[Brief descriptive captions]
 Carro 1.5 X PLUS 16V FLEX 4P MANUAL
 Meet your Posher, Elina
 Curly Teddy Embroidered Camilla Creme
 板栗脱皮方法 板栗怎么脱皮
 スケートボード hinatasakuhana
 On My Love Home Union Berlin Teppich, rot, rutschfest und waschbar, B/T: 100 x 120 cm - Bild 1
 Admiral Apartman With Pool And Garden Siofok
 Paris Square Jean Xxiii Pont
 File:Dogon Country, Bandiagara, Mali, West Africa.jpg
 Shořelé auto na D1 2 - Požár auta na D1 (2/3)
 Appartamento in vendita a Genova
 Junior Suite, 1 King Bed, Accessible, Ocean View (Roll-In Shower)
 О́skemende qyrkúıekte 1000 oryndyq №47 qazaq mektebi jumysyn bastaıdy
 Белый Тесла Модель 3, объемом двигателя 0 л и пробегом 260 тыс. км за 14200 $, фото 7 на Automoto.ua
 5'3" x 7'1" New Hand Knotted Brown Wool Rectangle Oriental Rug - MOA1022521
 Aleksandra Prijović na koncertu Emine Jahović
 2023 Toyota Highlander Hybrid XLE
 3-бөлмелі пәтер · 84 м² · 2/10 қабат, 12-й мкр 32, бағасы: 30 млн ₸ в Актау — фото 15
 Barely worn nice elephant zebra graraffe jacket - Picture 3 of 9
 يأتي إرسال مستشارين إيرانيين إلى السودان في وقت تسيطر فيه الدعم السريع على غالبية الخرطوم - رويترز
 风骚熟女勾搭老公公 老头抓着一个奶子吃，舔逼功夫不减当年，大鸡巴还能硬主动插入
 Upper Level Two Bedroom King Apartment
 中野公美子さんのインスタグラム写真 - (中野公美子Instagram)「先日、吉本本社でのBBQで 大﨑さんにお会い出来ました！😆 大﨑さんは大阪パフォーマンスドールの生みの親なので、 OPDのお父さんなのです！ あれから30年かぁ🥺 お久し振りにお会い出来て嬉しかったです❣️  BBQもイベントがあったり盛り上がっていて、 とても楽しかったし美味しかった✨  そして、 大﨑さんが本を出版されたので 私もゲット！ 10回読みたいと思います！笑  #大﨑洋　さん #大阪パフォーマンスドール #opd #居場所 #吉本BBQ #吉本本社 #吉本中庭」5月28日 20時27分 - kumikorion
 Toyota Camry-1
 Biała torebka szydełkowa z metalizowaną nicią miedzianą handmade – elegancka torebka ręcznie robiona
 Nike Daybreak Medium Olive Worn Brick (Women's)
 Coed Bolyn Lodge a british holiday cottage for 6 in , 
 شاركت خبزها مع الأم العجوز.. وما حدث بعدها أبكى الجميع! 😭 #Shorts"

WORK TO COMPLETE: All lines above from the one holding "On My Love Home" to the one holding "Shořelé auto na", inclusive, are to be copied exactly; no other line is wanted.

EXPECTED OUTPUT:
 On My Love Home Union Berlin Teppich, rot, rutschfest und waschbar, B/T: 100 x 120 cm - Bild 1
 Admiral Apartman With Pool And Garden Siofok
 Paris Square Jean Xxiii Pont
 File:Dogon Country, Bandiagara, Mali, West Africa.jpg
 Shořelé auto na D1 2 - Požár auta na D1 (2/3)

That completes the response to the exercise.